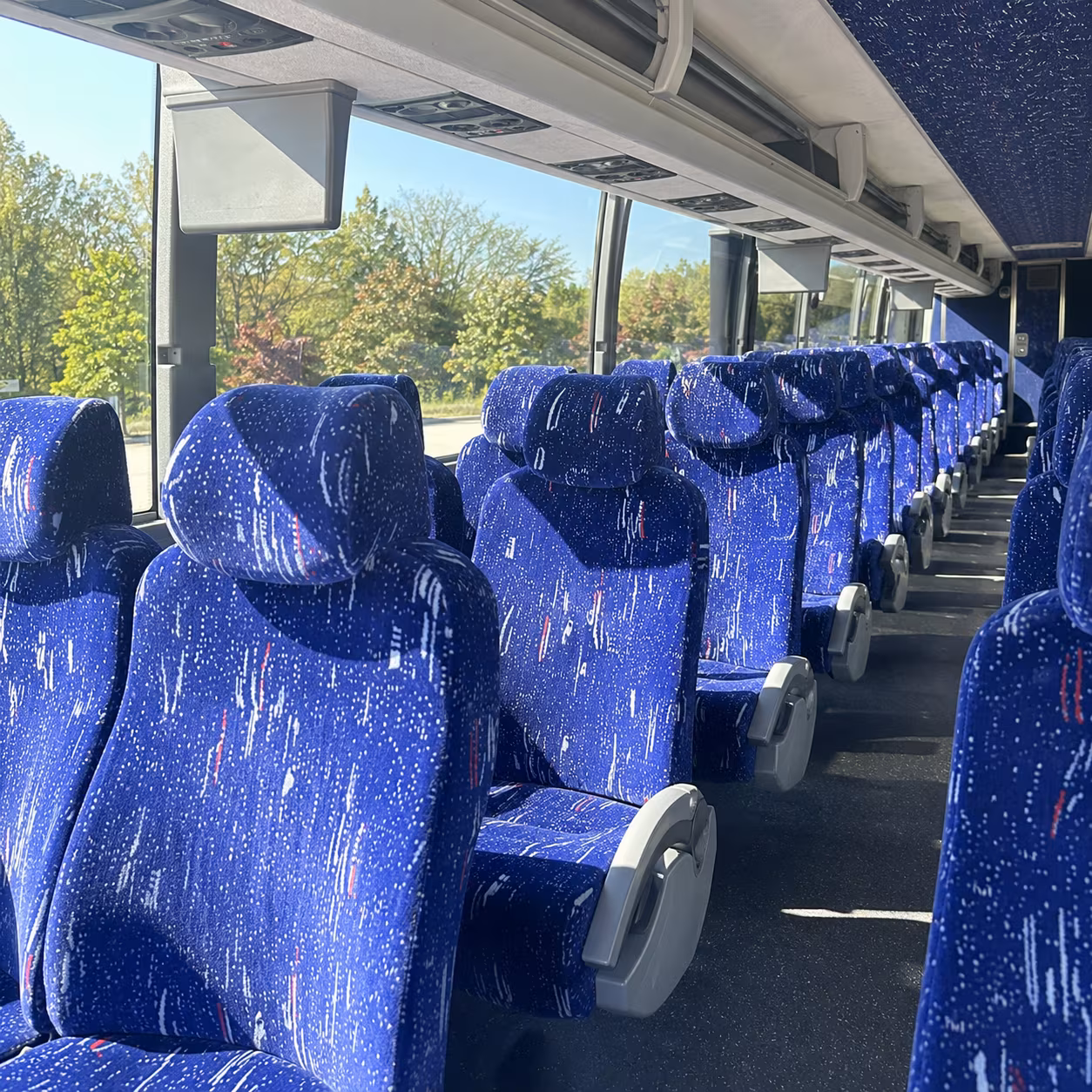 minnesota zoo field trip bus rentals from coon rapids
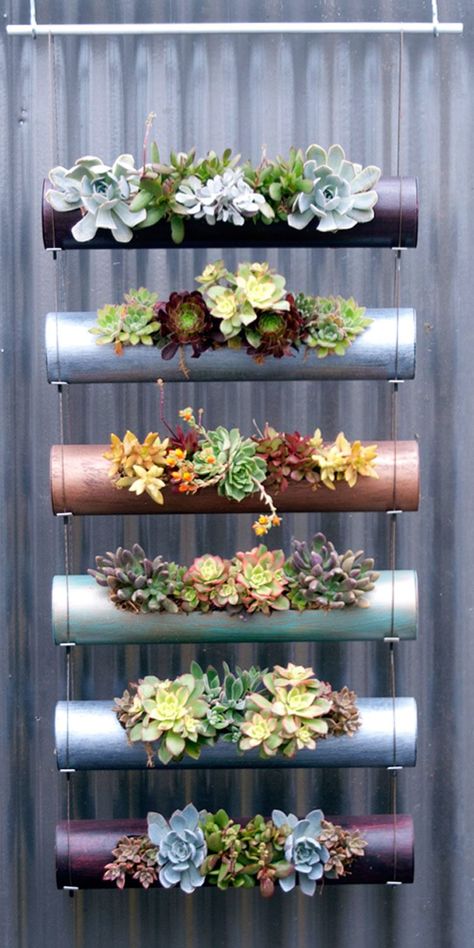 diy succulent vertical garden made of standard PVC pipes Planting Bulbs In Spring, Plantarea Legumelor, Garden Ideas To Make, Garden Solutions, Hanging Succulents, Garden Journal, Pergola Designs, Garden In The Woods, Edible Plants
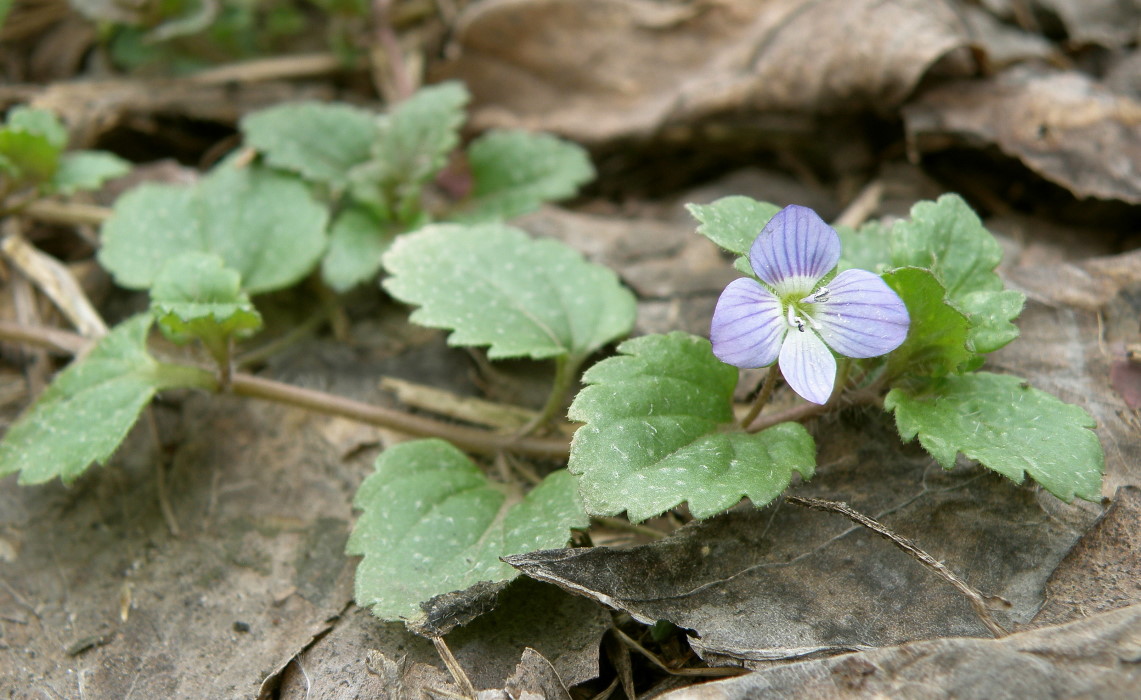 Image of Veronica persica specimen.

*Task*.
Each line from the one that holds "diy succulent vertical" through the final line of the data must be retyped exactly; the pictures must not appear.

*Result for this task*.
 diy succulent vertical garden made of standard PVC pipes Planting Bulbs In Spring, Plantarea Legumelor, Garden Ideas To Make, Garden Solutions, Hanging Succulents, Garden Journal, Pergola Designs, Garden In The Woods, Edible Plants
 Image of Veronica persica specimen.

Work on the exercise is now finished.